** Working data follows **

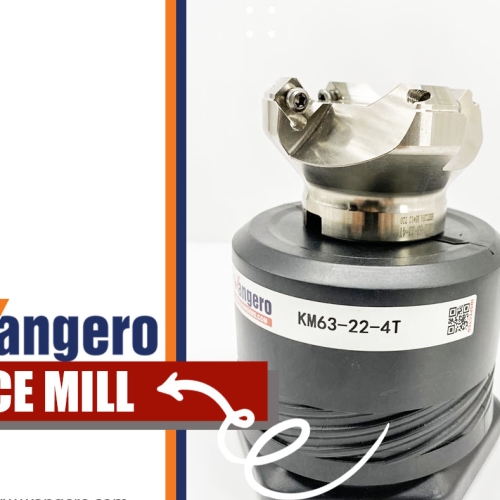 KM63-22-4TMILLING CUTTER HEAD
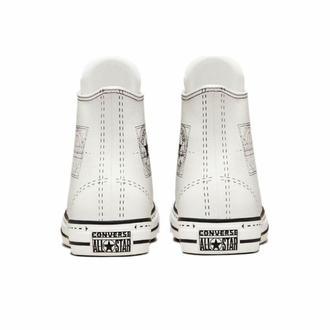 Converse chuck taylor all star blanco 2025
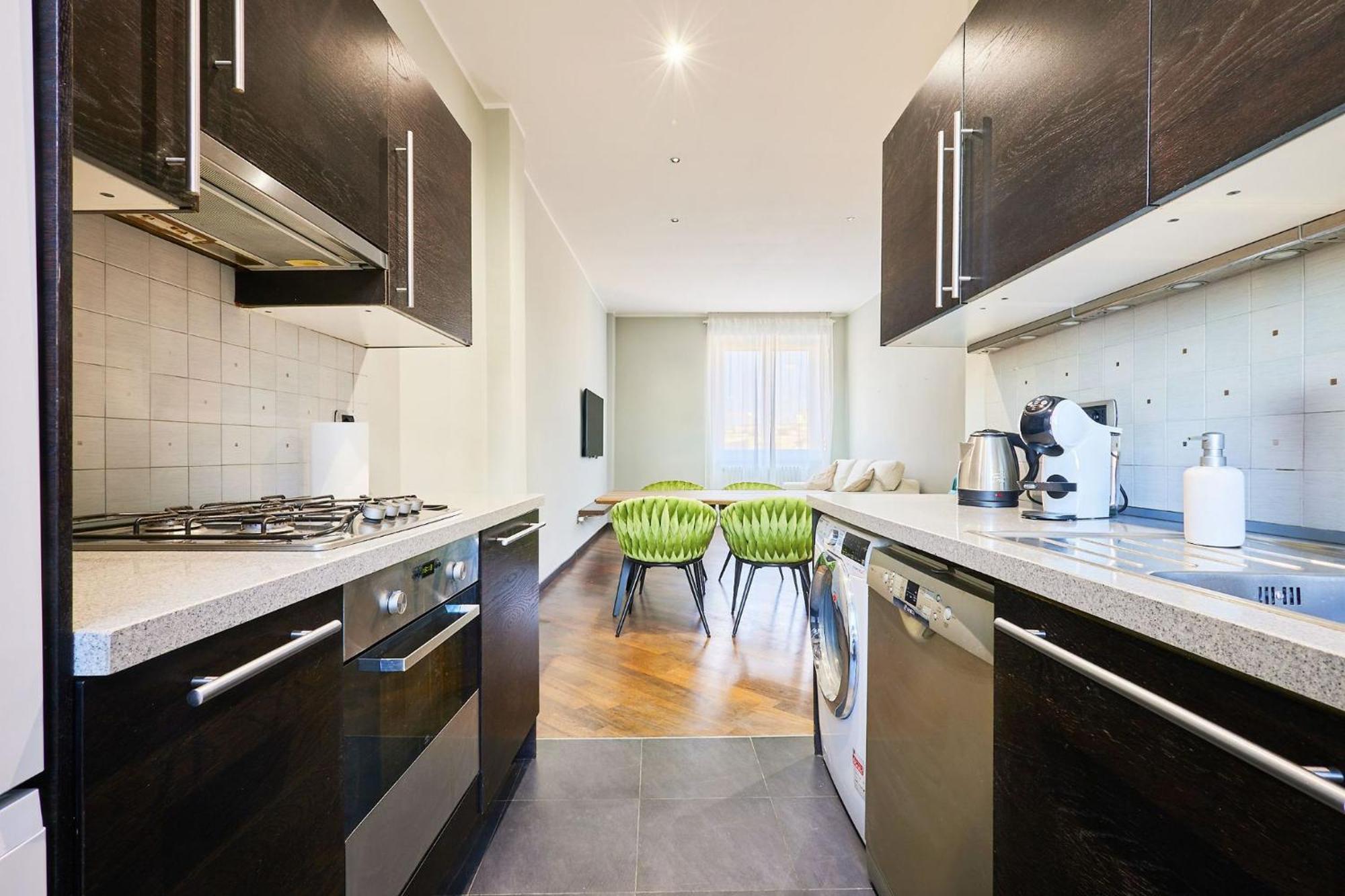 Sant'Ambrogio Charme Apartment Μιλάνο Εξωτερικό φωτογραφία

** End of Working data **
** Working data follows **

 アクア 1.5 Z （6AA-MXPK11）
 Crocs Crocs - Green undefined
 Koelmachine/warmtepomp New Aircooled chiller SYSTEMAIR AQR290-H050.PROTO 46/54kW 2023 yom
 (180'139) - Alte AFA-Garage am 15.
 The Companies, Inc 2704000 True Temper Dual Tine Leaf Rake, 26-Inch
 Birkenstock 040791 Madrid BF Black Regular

** End of Working data **

* What is being asked
The lines above from the one containing "アクア 1.5 Z （6AA-MXPK11）" through the one containing "Birkenstock 040791 Madrid BF Black Regular" are to be set down exactly, and no others.

* Written solution
 アクア 1.5 Z （6AA-MXPK11）
 Crocs Crocs - Green undefined
 Koelmachine/warmtepomp New Aircooled chiller SYSTEMAIR AQR290-H050.PROTO 46/54kW 2023 yom
 (180'139) - Alte AFA-Garage am 15.
 The Companies, Inc 2704000 True Temper Dual Tine Leaf Rake, 26-Inch
 Birkenstock 040791 Madrid BF Black Regular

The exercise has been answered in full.